TQNet: Temporal Query Network for Efficient Multivariate Time Series Forecasting: This paper proposes the Temporal Query (TQ) technique, which utilizes periodically shifted learnable vectors as queries in the attention mechanism to capture global variable-to-variable correlation patterns, while keys/values are derived from the raw data to preserve sample-level local information. Built upon this, TQNet uses only a single-layer multi-head attention and a shallow MLP to achieve overall state-of-the-art (SOTA) performance across 12 real-world datasets, with computation efficiency approaching the linear model DLinear.
TimePoint: Accelerated Time Series Alignment via Self-Supervised Keypoint and Descriptor Learning: Proposes TimePoint—a self-supervised method inspired by 2D keypoint detection but rewritten for 1D signals. It learns sparse representations of time series by detecting keypoints and extracting descriptors, applying DTW to sparse keypoints instead of the full signal. This significantly accelerates alignment while frequently improving alignment accuracy.
TimePro: Efficient Multivariate Long-term Time Series Forecasting with Variable- and Time-Aware Hyper-state: This paper proposes the Mamba-based TimePro model. By constructing variable- and time-aware hyper-states, it adaptively selects key time steps to modulate the hidden states of variable dimensions, achieving efficient multivariate long-term time series forecasting with linear complexity.

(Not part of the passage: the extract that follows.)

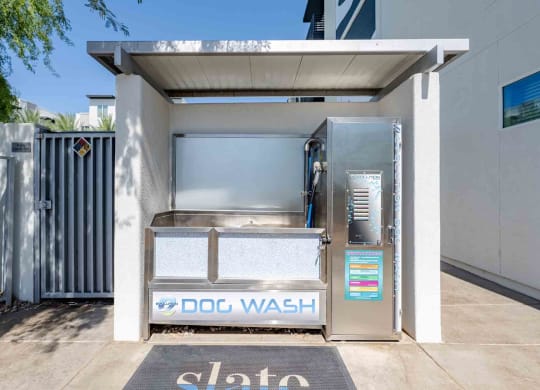 a dog wash is available at the front of the building at slate scottsdale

TransPL: VQ-Code Transition Matrices for Pseudo-Labeling of Time Series Unsupervised Domain Adaptation: This paper proposes TransPL, which discretizes time series patches into VQ codes and constructs class-channel-level transition matrices, leveraging Bayes' theorem to generate interpretable pseudo-labels in the target domain, achieving average improvements of 6.1% in accuracy and 4.9% in F1 score for time series unsupervised domain adaptation.
Understanding the Limits of Deep Tabular Methods with Temporal Shift: This paper reveals the root causes of deep tabular models failing under temporal distribution shifts—namely, model selection failure caused by training lag and validation bias, and the loss of periodic/trend information in model representations. It proposes an improved temporal splitting strategy and a plug-and-play temporal embedding method based on Fourier series.

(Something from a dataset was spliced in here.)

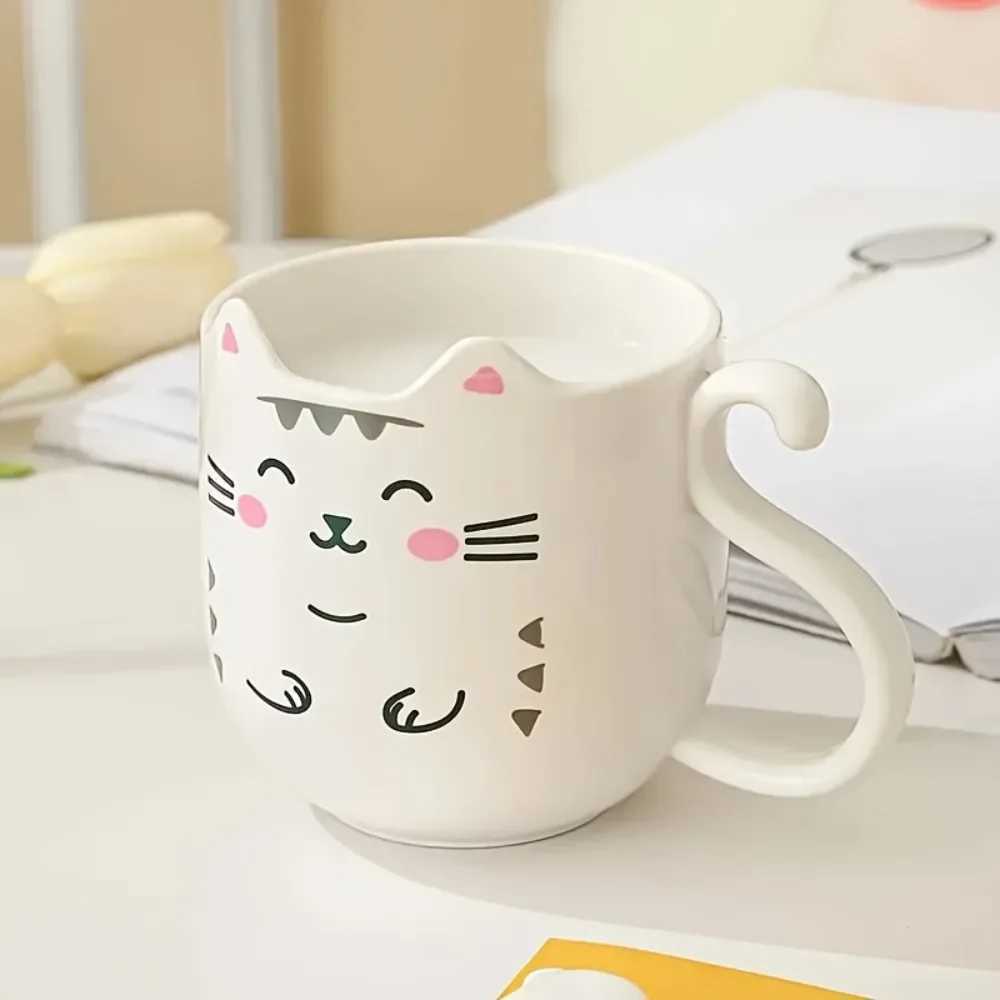 1 cute cartoon cat g childrens creative gift perfect for his travels thick plastic face cup for brushing teeth and rinsing mouth Y241211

VisionTS: Visual Masked Autoencoders Are Free-Lunch Zero-Shot Time Series Forecasters: By reconstructing time series as images, VisionTS leverages ImageNet-pretrained MAE (Masked Autoencoders) for time series forecasting in a zero-shot setting, matching or even outperforming specialized time series foundation models without any training on time series data.
WAVE: Weighted Autoregressive Varying Gate for Time Series Forecasting: Introduces the classic statistical ARMA (autoregressive moving average) structure into the autoregressive Transformer attention mechanism. By employing an indirect MA weight generation method, it decouples short- and long-term temporal patterns without increasing time complexity or parameter count, significantly improving time series forecasting performance.

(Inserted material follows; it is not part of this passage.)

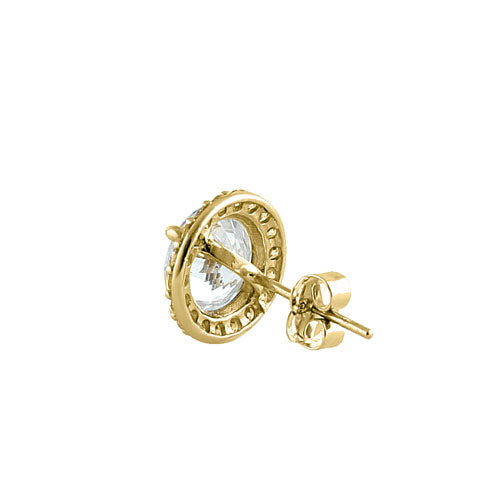 2.06 ct solid 14k yellow gold elegant halo cz earrings 2.06 ct solid 14k yellow gold elegant halo cz earrings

Winner-takes-all for Multivariate Probabilistic Time Series Forecasting: Proposes TimeMCL, which introduces the Winner-Takes-All (WTA) loss of Multiple Choice Learning to multivariate probabilistic time series forecasting. Through a single forward pass of a multi-head network, it generates diverse and representative future trajectories, successfully balancing prediction quality and computational efficiency.